Dataset content Start Marker

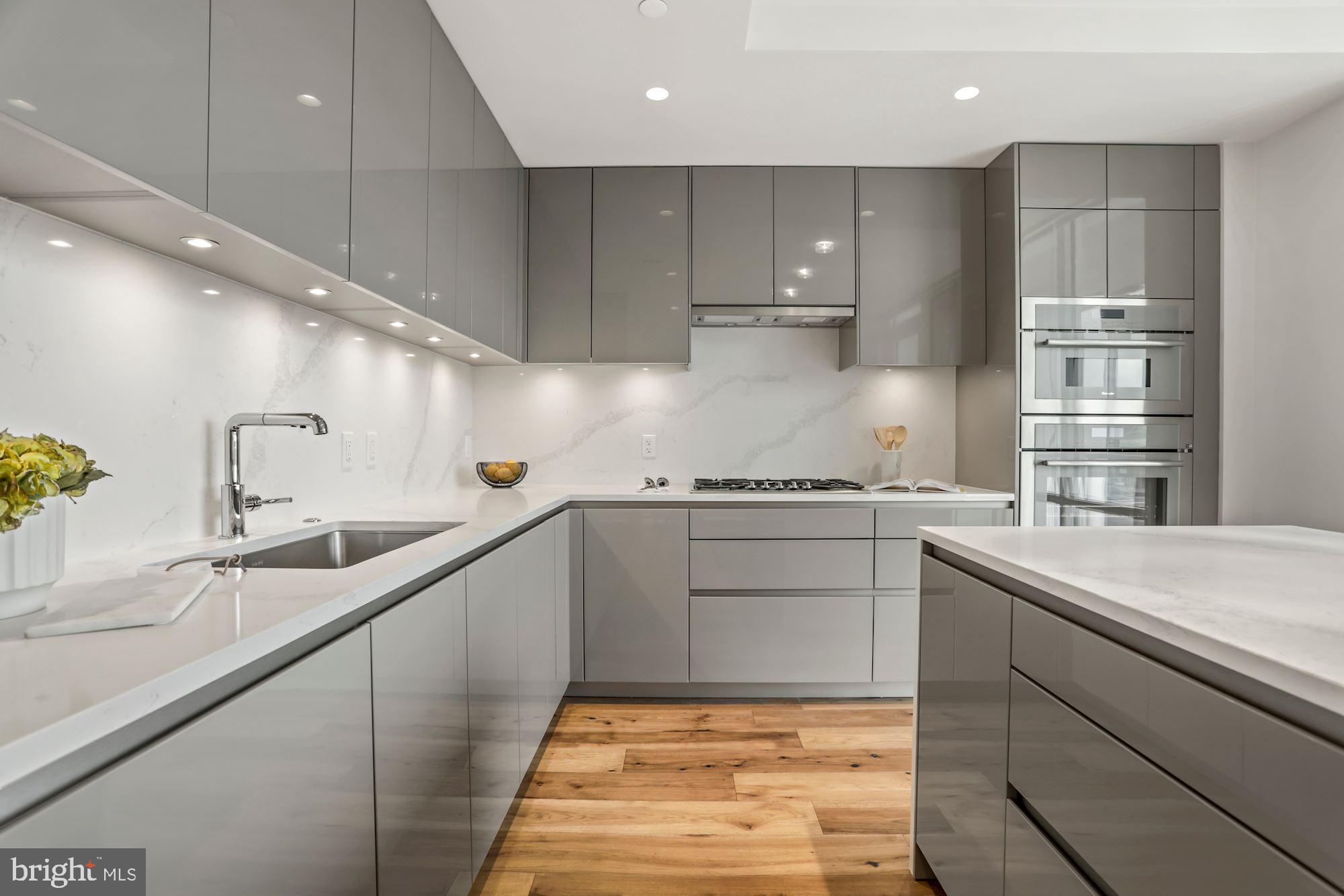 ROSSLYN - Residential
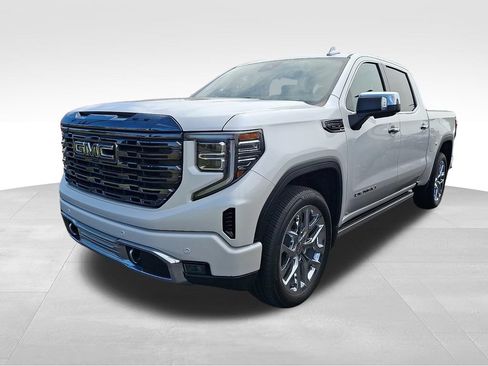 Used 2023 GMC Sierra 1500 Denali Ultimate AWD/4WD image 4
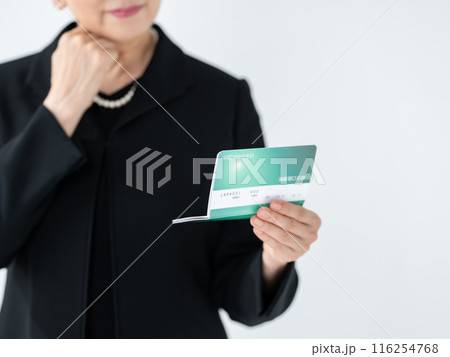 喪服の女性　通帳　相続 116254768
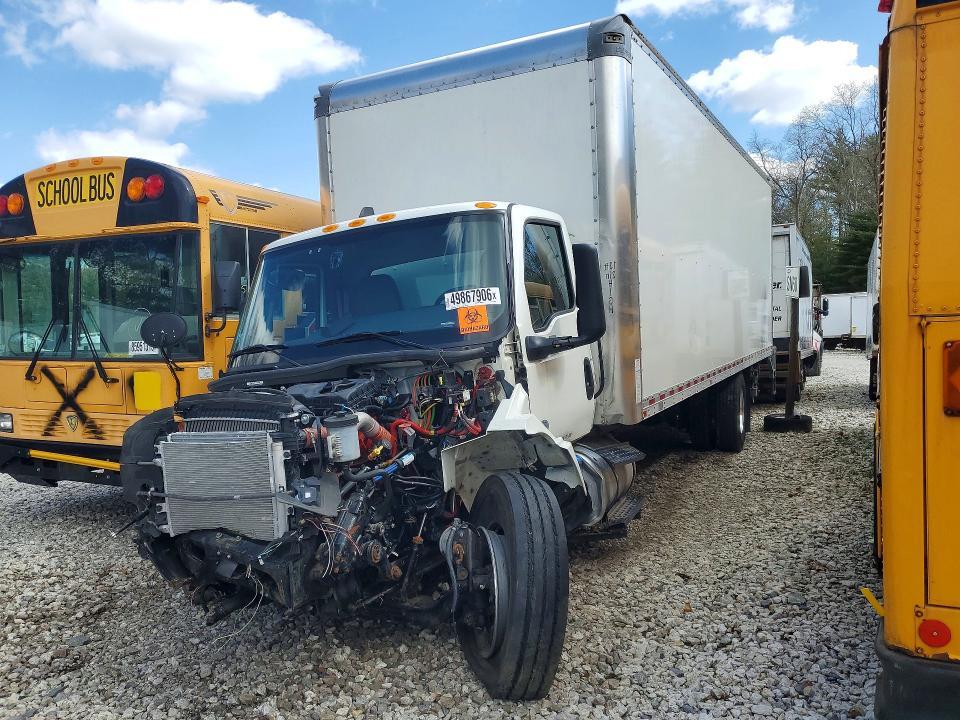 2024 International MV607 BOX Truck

Dataset content End Marker

Return the lines exactly, from the one containing "喪服の女性　通帳　相続 116254768" through the last line above, including both ends and excluding every picture.

Answer below:
 喪服の女性　通帳　相続 116254768
 2024 International MV607 BOX Truck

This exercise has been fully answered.